» **Your task**
All of the entries need to be printed again exactly; pictures are the only thing to omit.

** Provided data follows **

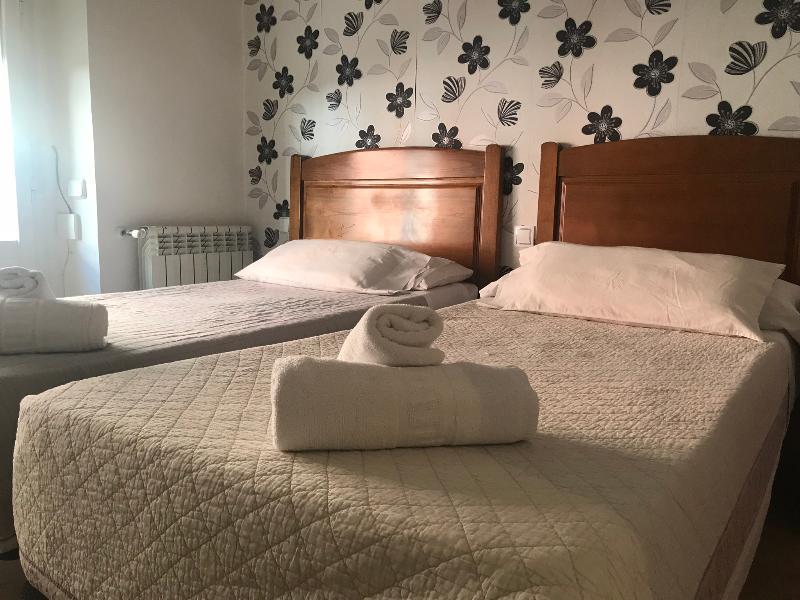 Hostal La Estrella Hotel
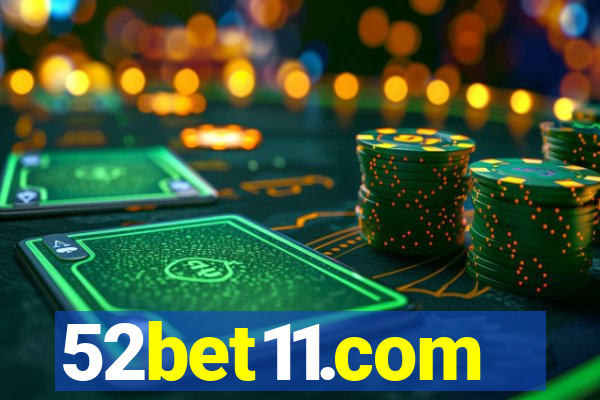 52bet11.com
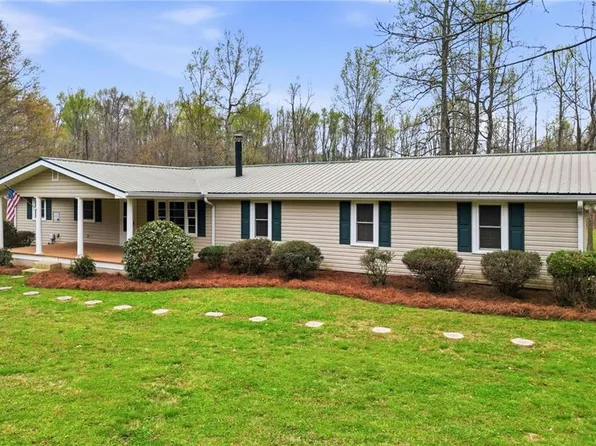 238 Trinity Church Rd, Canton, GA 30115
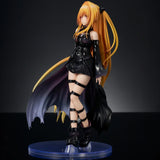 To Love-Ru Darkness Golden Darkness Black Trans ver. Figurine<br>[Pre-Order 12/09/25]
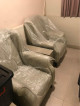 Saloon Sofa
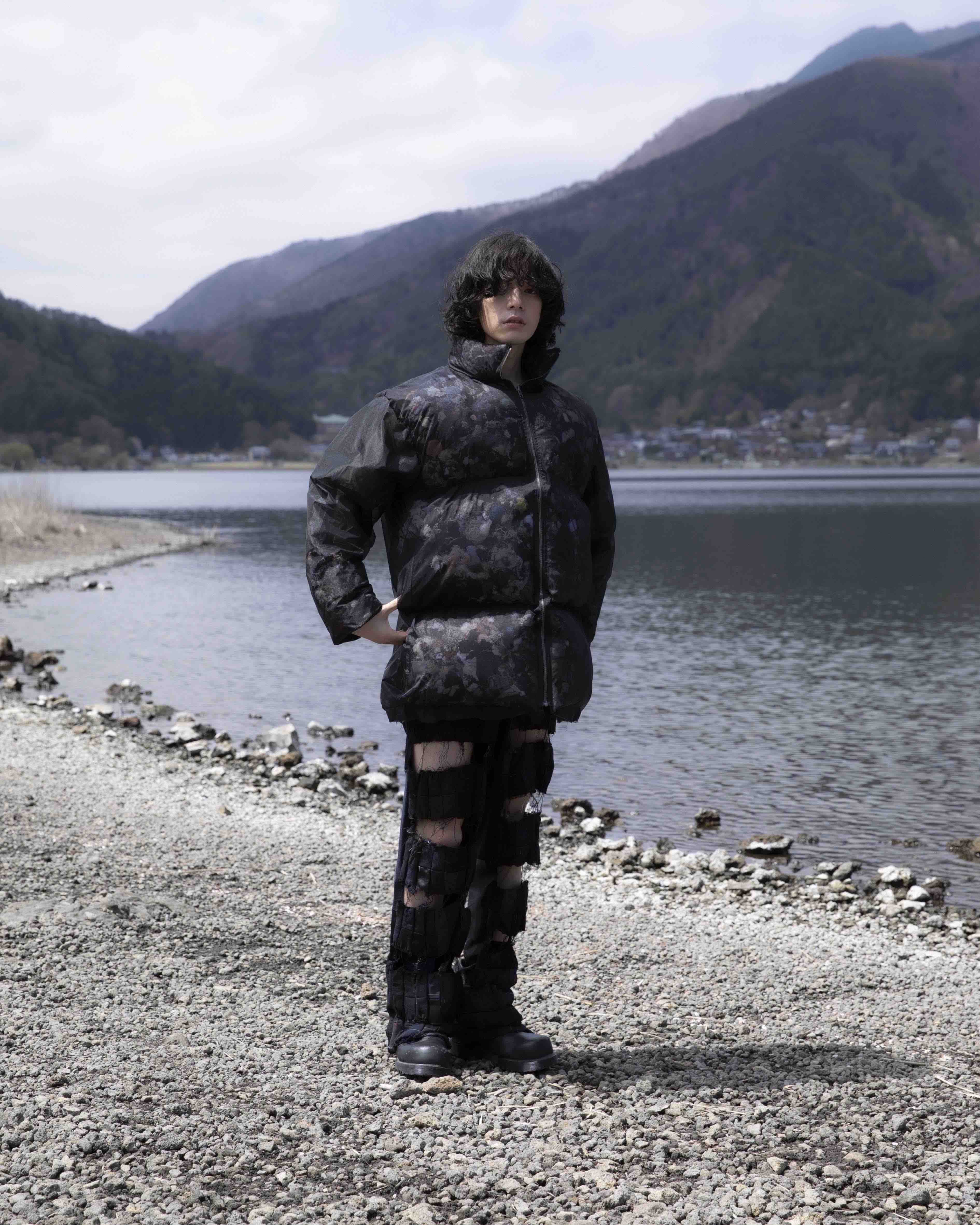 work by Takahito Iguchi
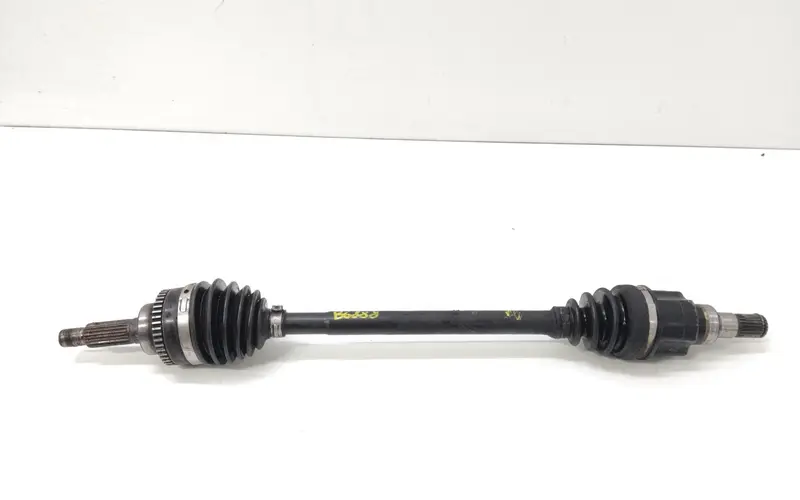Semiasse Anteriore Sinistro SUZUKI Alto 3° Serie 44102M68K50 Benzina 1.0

** End of Provided data **

» **Response to this exercise**
 Hostal La Estrella Hotel
 52bet11.com
 238 Trinity Church Rd, Canton, GA 30115
 To Love-Ru Darkness Golden Darkness Black Trans ver. Figurine<br>[Pre-Order 12/09/25]
 Saloon Sofa
 work by Takahito Iguchi
Semiasse Anteriore Sinistro SUZUKI Alto 3° Serie 44102M68K50 Benzina 1.0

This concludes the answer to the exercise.